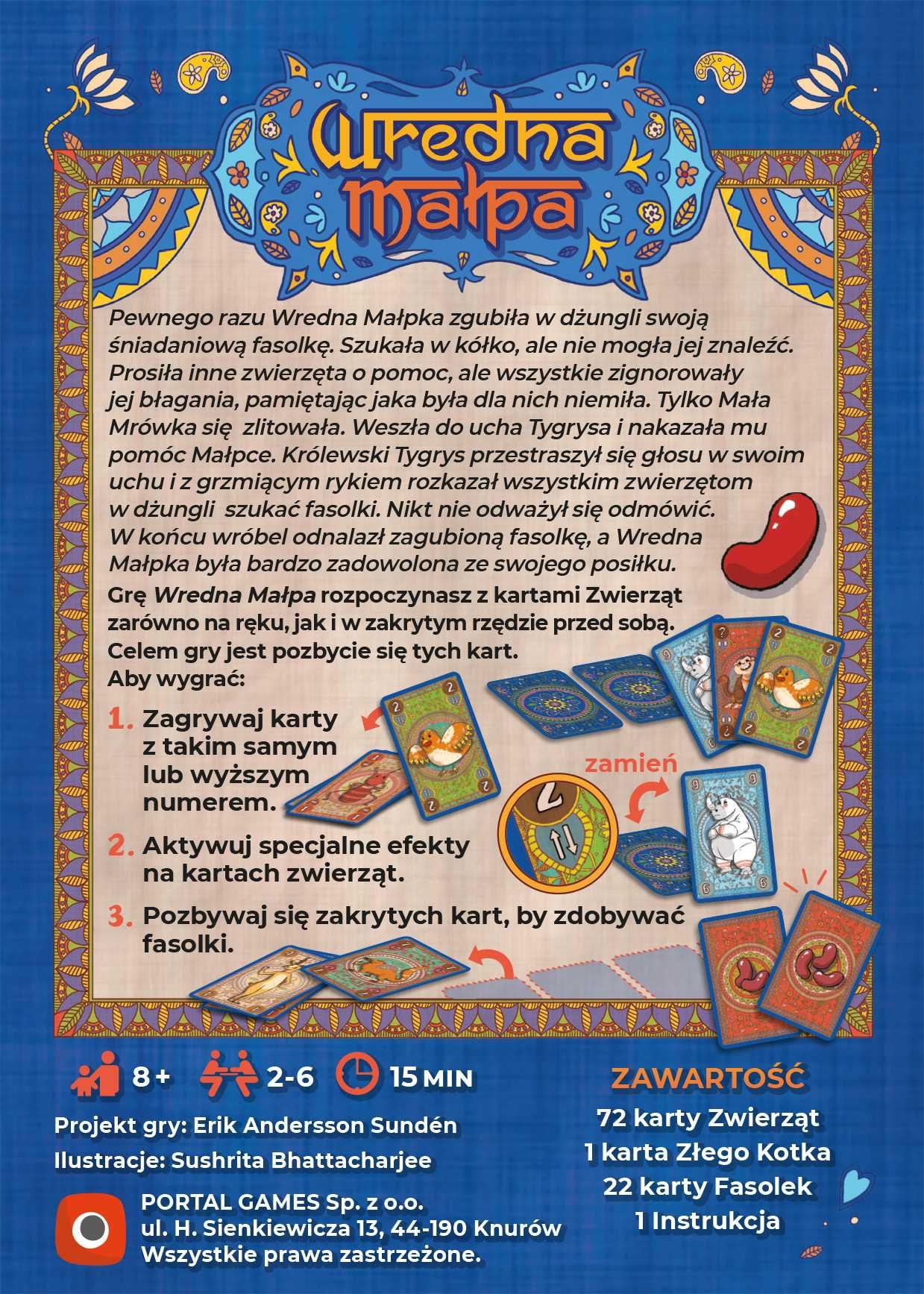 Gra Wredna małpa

==

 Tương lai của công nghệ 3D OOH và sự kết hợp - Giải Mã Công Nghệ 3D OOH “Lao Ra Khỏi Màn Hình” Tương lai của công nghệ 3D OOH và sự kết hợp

---

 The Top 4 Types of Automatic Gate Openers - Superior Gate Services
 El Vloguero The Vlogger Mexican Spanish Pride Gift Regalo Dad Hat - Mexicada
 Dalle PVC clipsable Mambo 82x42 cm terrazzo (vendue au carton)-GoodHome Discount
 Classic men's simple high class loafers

About this exercise: Among the records above, a stretch begins at the line containing "Dalle PVC clipsable" and ends at the line containing "Classic men's simple high class loafers". Restate that stretch word for word, and nothing else.

Response:
 Dalle PVC clipsable Mambo 82x42 cm terrazzo (vendue au carton)-GoodHome Discount
 Classic men's simple high class loafers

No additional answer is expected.